Eloge de neige en Vercors, et contre tout
3 Mars 2009 , Rédigé par Fred Sabourin Publié dans #montagne
Partir. Endosser le sac à dos, toujours trop lourd, mais les victuailles seront d’un grand secours quand la pente cessera d’essouffler le marcheur. Puis regarder les cimes, et aller là où le regard s’est précédemment posé. Enquiller le chemin déjà tassé par les randonneurs à ski ou raquettes. S’éloigner du parcours classique, découvrir une vue imprenable, revenir aux fondamentaux : le sens de la pente.

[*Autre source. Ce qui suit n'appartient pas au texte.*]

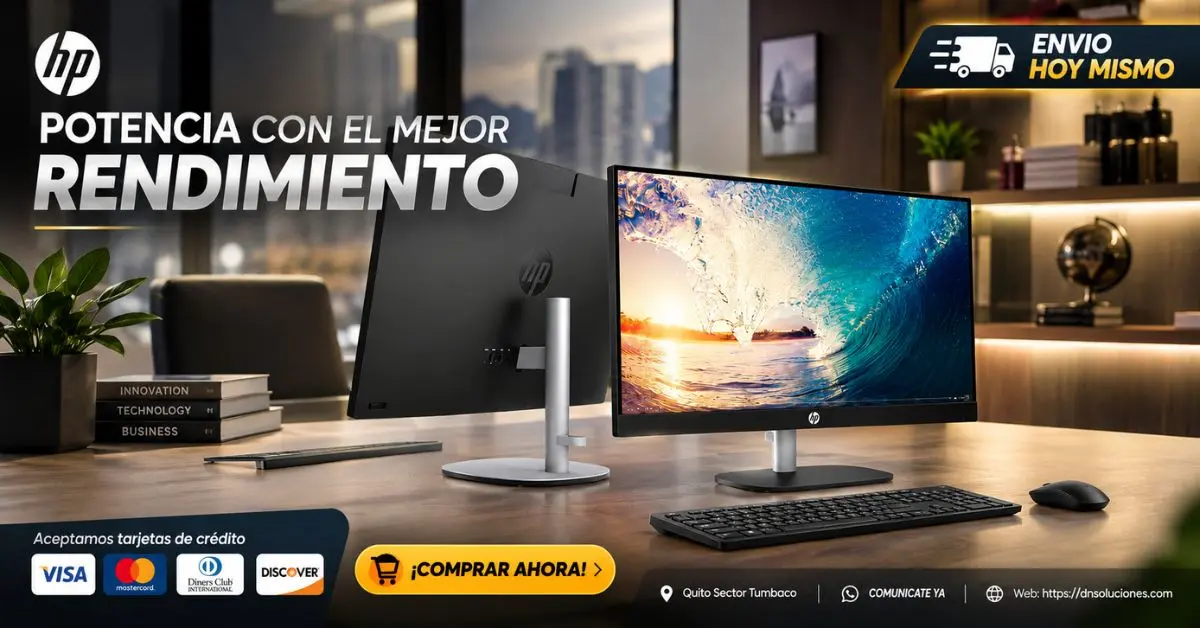 Detalle lateral y perfil delgado de la PC HP Todo en Uno Ryzen 5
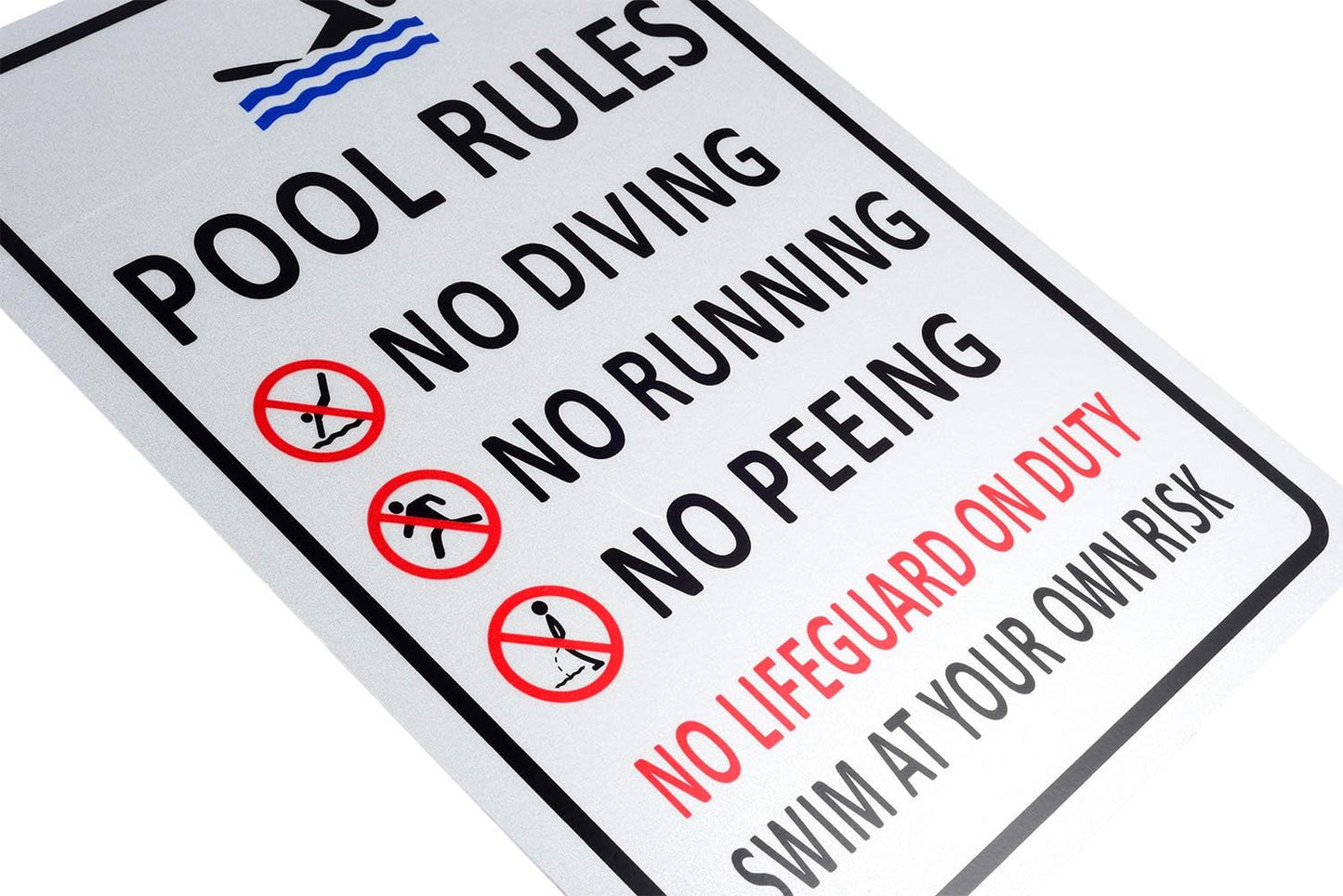 Letrero seguridad piscina aluminio reglas natación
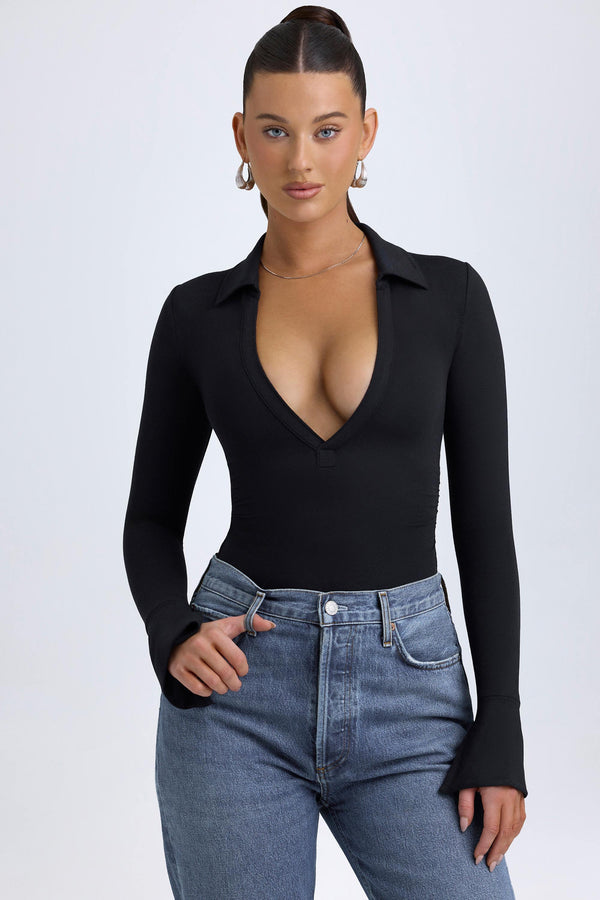 Siyah Modal Derin V Yaka Bodysuit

Sentir son cœur battre et rythmer chaque pas, le souffle calqué sur le tempo métronomique. S’arrêter, une vingtaine de secondes, pour reprendre haleine, entendre le sang cogner aux tempes et s’engouffrer aux tréfonds des membres. Regarder vers le haut, toujours en premier, puis vers le bas, pour contempler le chemin parcouru. Là bas, tout en bas, le village dont la rumeur a disparue. Assurer chaque pas, planter les crocs de la raquettes affamée de neige et de glace. Franchir le col, enfin, après avoir vu un camarade y disparaître en premier. Pause. Sentir la sueur perler dans son dos. Boire l’eau fraîche, croquer un carré de chocolat. Regarder la carte, pour assurer la suite. Encore une arrête, puis une autre (cachée par la première). Ensuite, une longue diagonale au soleil, neige étincelante et aveuglante. Il fait moins chaud : le vent rase le sommet futur et se fait déjà sentir. Tenir le béret pour ne pas le perdre. Râler contre la fatigue, malgré la préparation physique : il n’y en a jamais assez. Puis poser son sac, enfin, sur le sommet. Le sentir non plus sur sa tête mais sous ses pieds. Féliciter le compagnon de route, prendre les photos souvenirs. Regarder, seulement. S’abriter du vent, vite : il est glacial, pas question de déjeuner ici.
Redescendre légèrement dans un abri naturel. Surprendre les bouquetins, seuls autochtones des lieux si agiles en situations périlleuses. Les regarder nous regardant. Leur demander poliment de nous laisser passer.
Puis, après encore quelques efforts de descente assurée pour ne pas glisser, trouver la cabane. C’est à peine si on la voit ! Elle semble perdue, submergée de neige. Aménager la tranchée et les marches y accédant. Boire un thé chaud. Manger du chocolat. Commencer à envisager le repos nocturne. Rendre l’abri aussi confortable que possible. Dans le cas présent il s’agira de rendre le frigidaire le moins hostile possible ! Explorer les environs, profitant des derniers rayons du soleil. Manger tôt, et surtout chaud. Faire « son lit », sa couche, isoler au maximum du froid qui pincera vers cinq heures du matin. Et poser la tête sur l’oreiller, enfin, sentant les jambes se décontracter après les efforts, comme un moteur chaud après la route. Sentir chaque membre devenir plus lourd, jusqu’à peser une tonne. Refaire le film de la journée, imaginer le lendemain. Goûter le silence absolu, seulement perturbé par les coups de boutoir du vent sur le toit.
Et sombrer au pays des rêves, fait de merveilles et de paysages légendaires. Ne pas avoir accompli de grands exploits à l’échelle de l’humanité, mais pour soi, déjà, le souvenir heureux d’une marche dont nous reparlerons longtemps. Sentir la nuit nous envelopper comme un linceul.
Dormir en montagne, l’hiver, à presque deux milles.